Human partners take off a bit of the emotional edge as you can now heal each other provided you can reach them in time. You also need to be more aware of your partner’s needs when it comes to item collection. Skill points are shared; health and ammo are not, although you can share your inventory items, but oddly it’s an all or nothing proposition. My partner needed 9mm ammo and I had 60+ rounds, but I couldn’t just give him half – I had to give him all. Resident Evil 6 is an awesome co-op experience that will have you working tightly as a team with one person kicking down a door while the other has their gun ready, or one person watching the window while another guards the door. And with most encounters usually taking place in kill box scenarios, the Left 4 Dead vibe is unmistakable.

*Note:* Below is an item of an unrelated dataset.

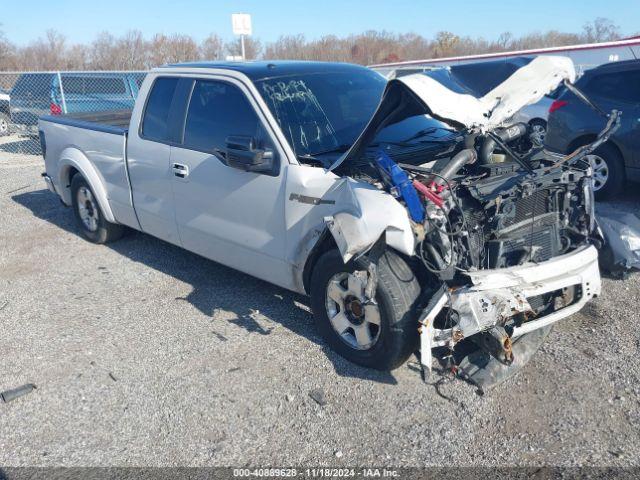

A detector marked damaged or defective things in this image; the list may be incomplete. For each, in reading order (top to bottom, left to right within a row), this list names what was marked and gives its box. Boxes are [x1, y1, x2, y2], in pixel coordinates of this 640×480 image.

At startup you can choose to make your game private or online-aware. If you go with the latter other random players can jump into your game taking on the role of an enemy. You’ll be notified when this happens by a pop-up text box. Likewise, you can play Agent Hunt Mode and invade other people’s games or check out the Mercenaries Mode where you play various score and time-based modes to earn skill points used to upgrade various elements of the game.

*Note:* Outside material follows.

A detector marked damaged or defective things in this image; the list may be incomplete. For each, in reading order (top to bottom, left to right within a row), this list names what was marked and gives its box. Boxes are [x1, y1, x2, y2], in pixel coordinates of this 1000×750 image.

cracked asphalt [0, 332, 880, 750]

Having already played and reviewed the Xbox 360 version last October I knew what to expect as far as gameplay, so I was looking forward to some awesome graphics and hopefully smoother framerate. Resident Evil 6 looks amazing, often with seamless transitions between cutscenes and gameplay, which makes the entire experience very cinematic. Environments are complex and loaded with detail and the lighting is delightfully sinister with creepy shadows concealing horrors that you’ll likely hear long before you see thanks to a fantastic Dolby Digital surround mix that will have home theater owners looking over their shoulder. The sheer tension and atmosphere of terror has never been stronger despite having a buddy to rely on and weapons more powerful than any other Resident Evil game to come before.
Resident Evil 6 offers full Big Picture and controller support if you have your PC running off your HDTV. Other PC exclusives include the new Mercenaries No Mercy mode that expands upon the console version packing in twice the enemies. Additionally, the seven DLC levels from the console version are included in the core purchase now but you will need to unlock them. Other PC perks include a cool Left4Dead 2 Crossover patch that lets you play Mercenaries No Mercy with characters and infected enemies from that game. And finally, the PC version is fully compatible with all console updates as well as RE.NET for the biggest and most complete Resident Evil 6 experience possible.
I have to admit I was a bit surprised when Resident Evil 6 didn’t end after the Leon chapter. That series of missions took nearly 8 hours, which is the going rate for action games these days. Capcom could have easily milked the franchise by offering the other chapters as DLC, but thankfully they didn’t, but having all of this story and content available from the start can also be a bit overwhelming. Nobody was expecting a 30+ hour Resident Evil game, and when several chapters and missions start to overlap and force you to replay portions of the game over, you can’t help but feel Capcom is padding the experience a bit. Even so, this is easily the best Resident Evil game since Code Veronica and a game zombie-lovers shouldn’t miss.